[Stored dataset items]
◆ ◆ ◆ ◆ ◆
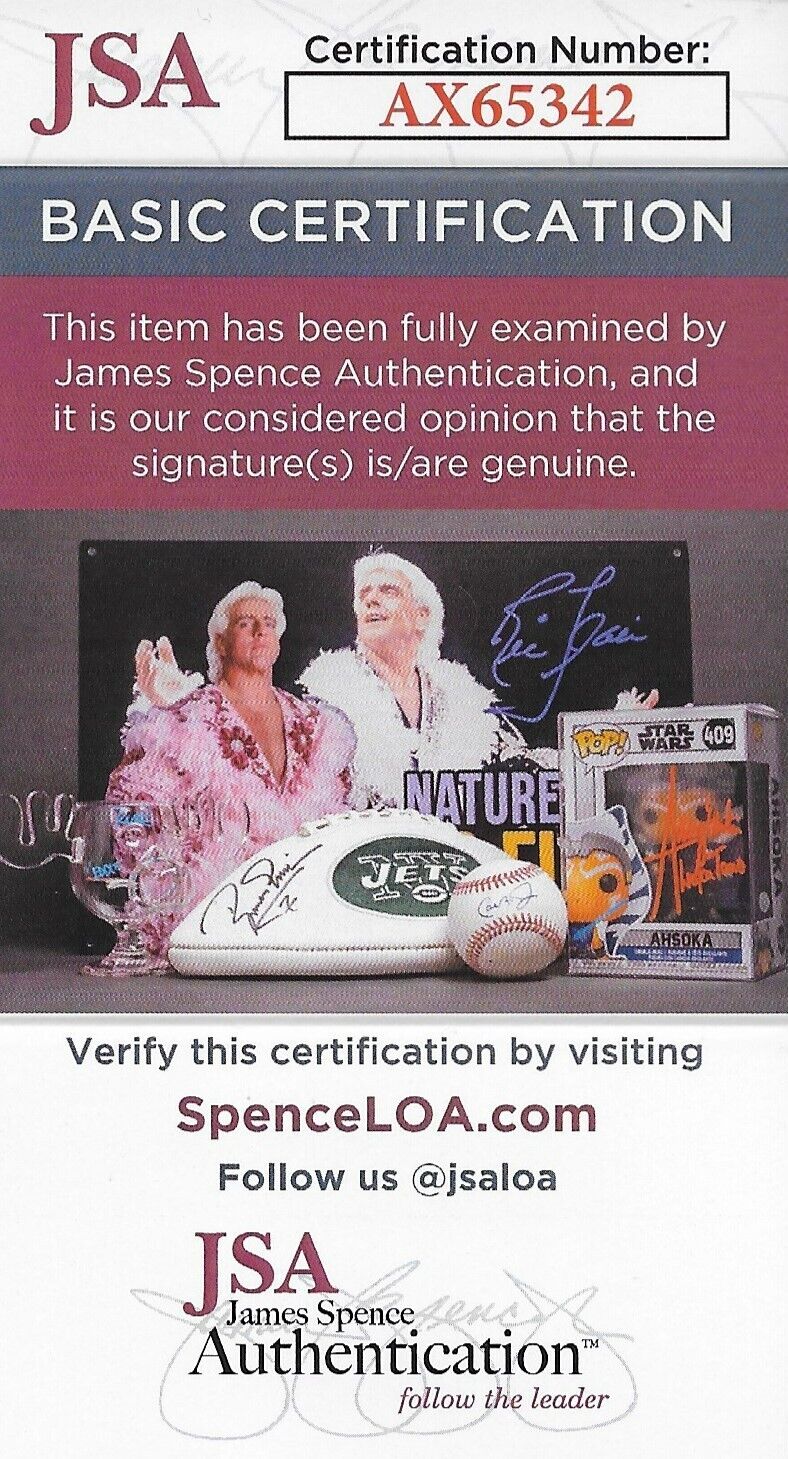 Signed Pablo Carreno Busta ATP Tennis 8x10 Photo 2 Original w JSA Authentication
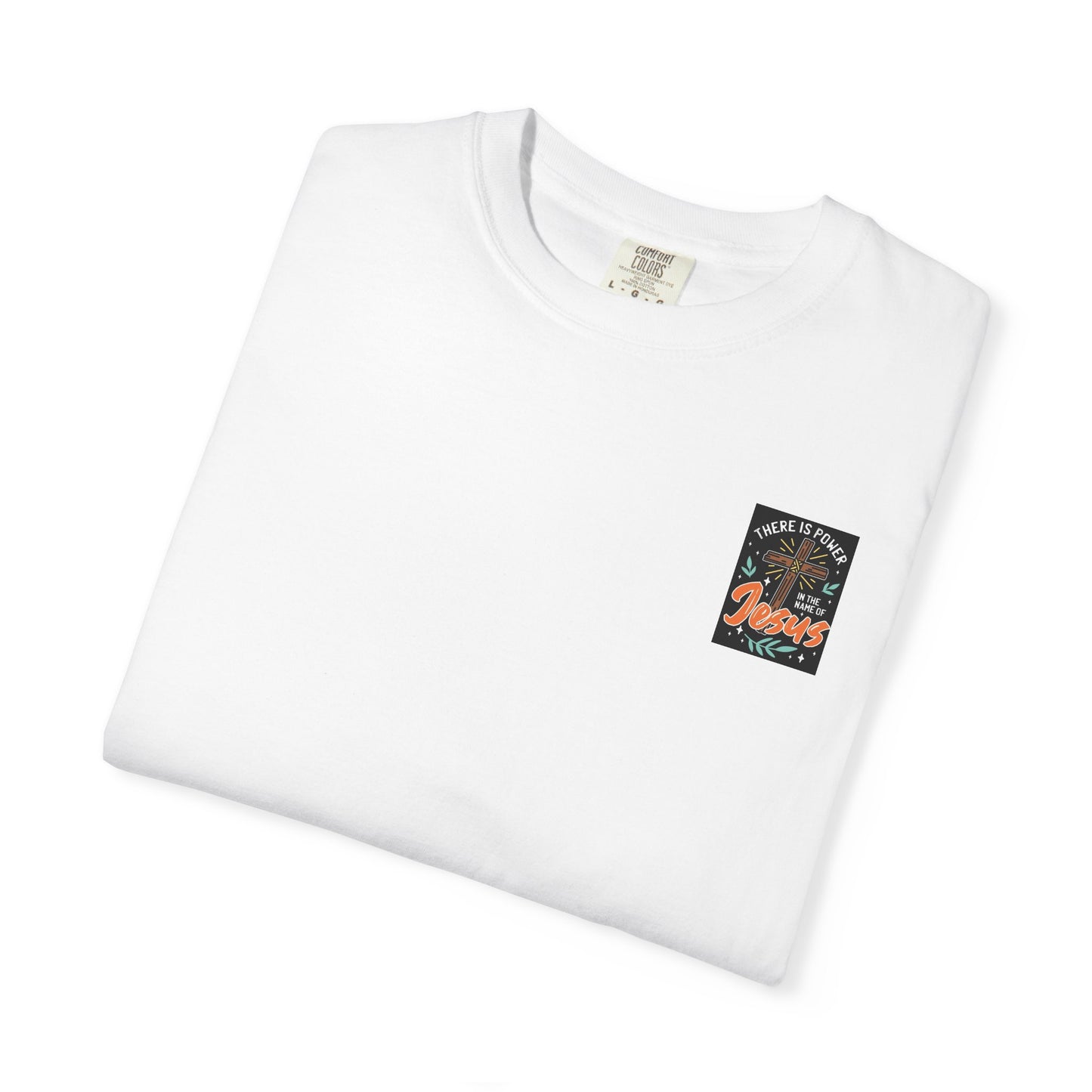 Power in the Name of Jesus - Men's Christian T-Shirt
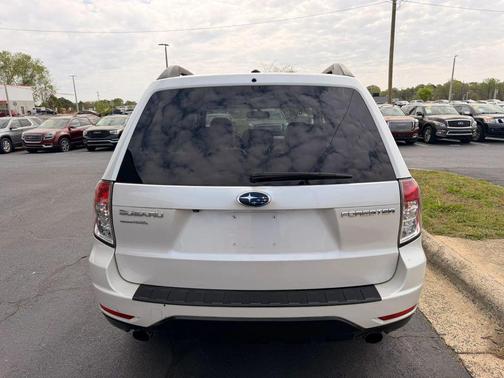 Satin White Pearl 2012 Subaru Forester 2.5X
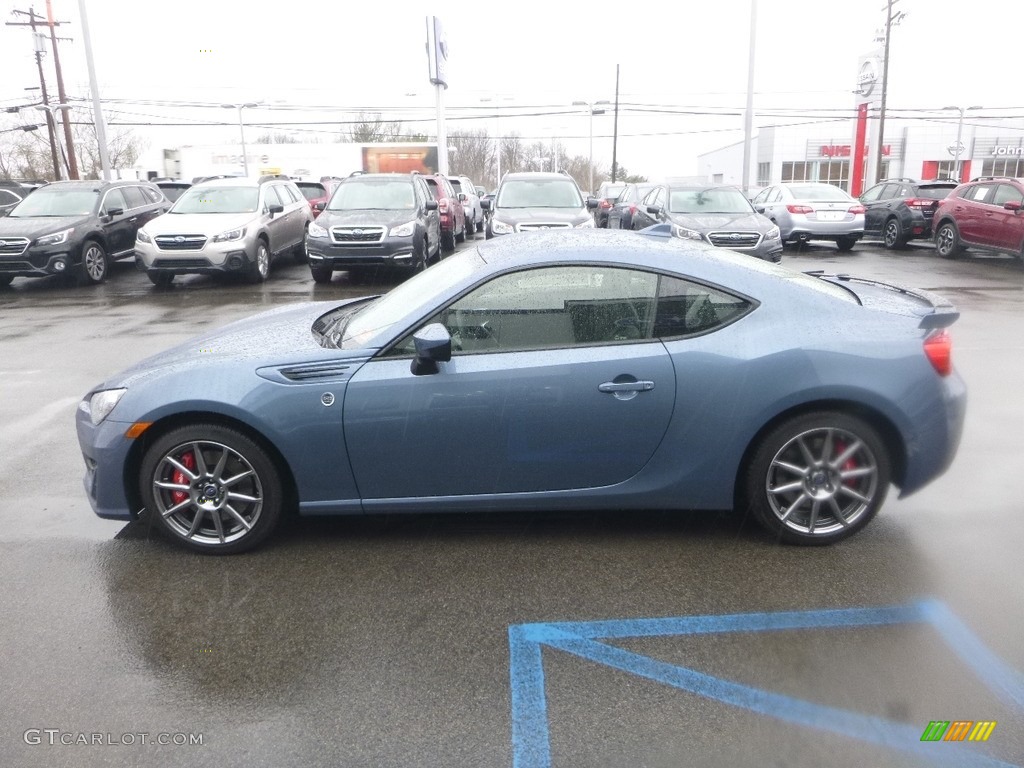 2018 BRZ Limited - Heritage Blue / Black photo #6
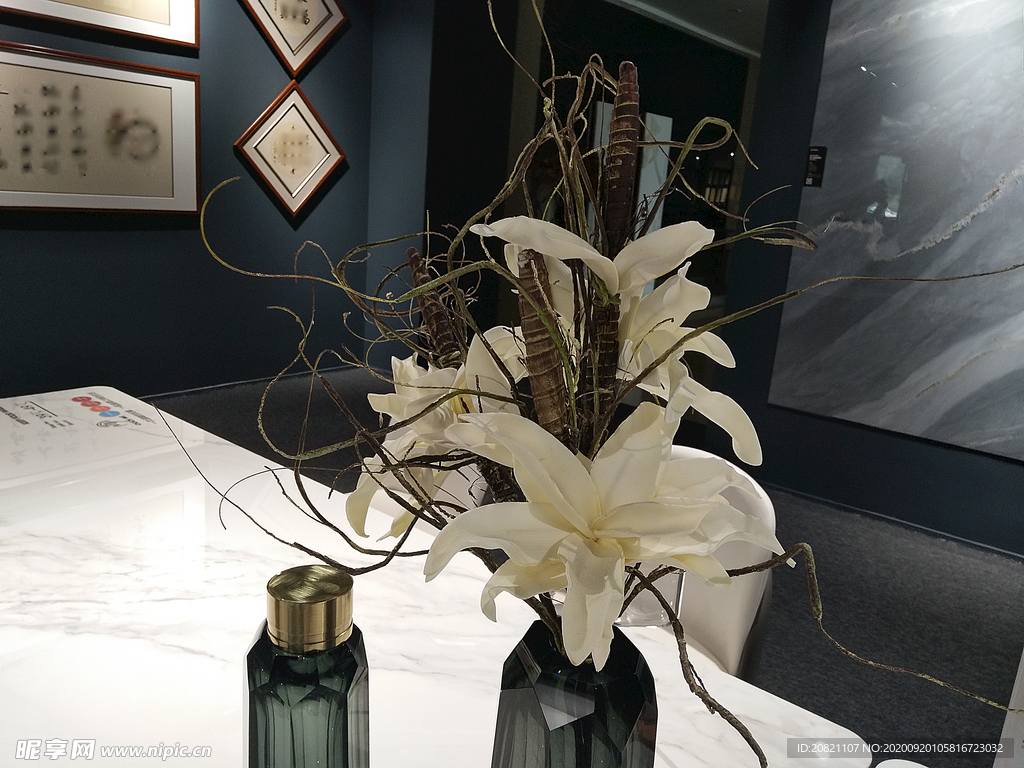 百合花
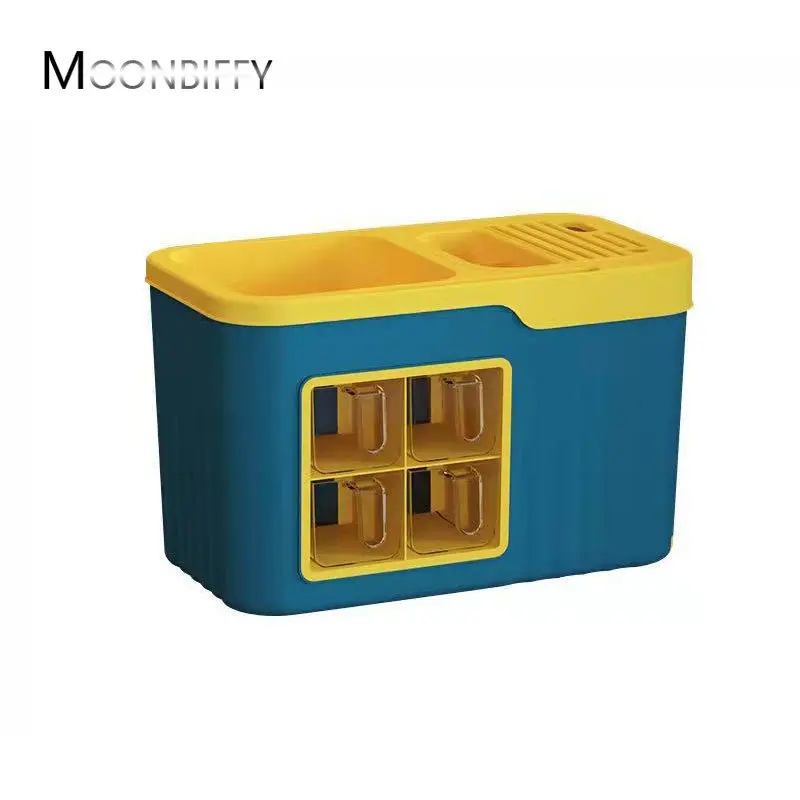 

Кухонная стойка для приправ, многофункциональная коробка для приправ, пластиковая переносная коробка для хранения приправ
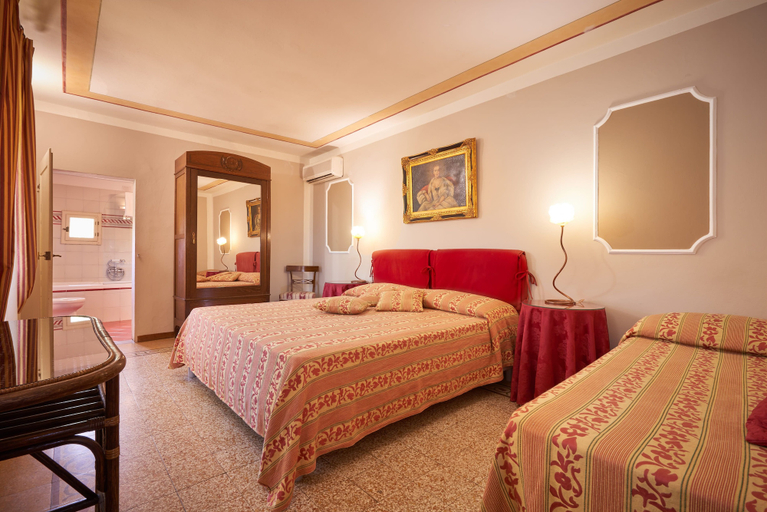 Bedroom 4, Ape Rosa Relais, Florence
◆ ◆ ◆ ◆ ◆
### Work instructions
Could you restate every entry above word for word, leaving out the pictures?

### Answer box
 Signed Pablo Carreno Busta ATP Tennis 8x10 Photo 2 Original w JSA Authentication
 Power in the Name of Jesus - Men's Christian T-Shirt
 Satin White Pearl 2012 Subaru Forester 2.5X
 2018 BRZ Limited - Heritage Blue / Black photo #6
 百合花

Кухонная стойка для приправ, многофункциональная коробка для приправ, пластиковая переносная коробка для хранения приправ
 Bedroom 4, Ape Rosa Relais, Florence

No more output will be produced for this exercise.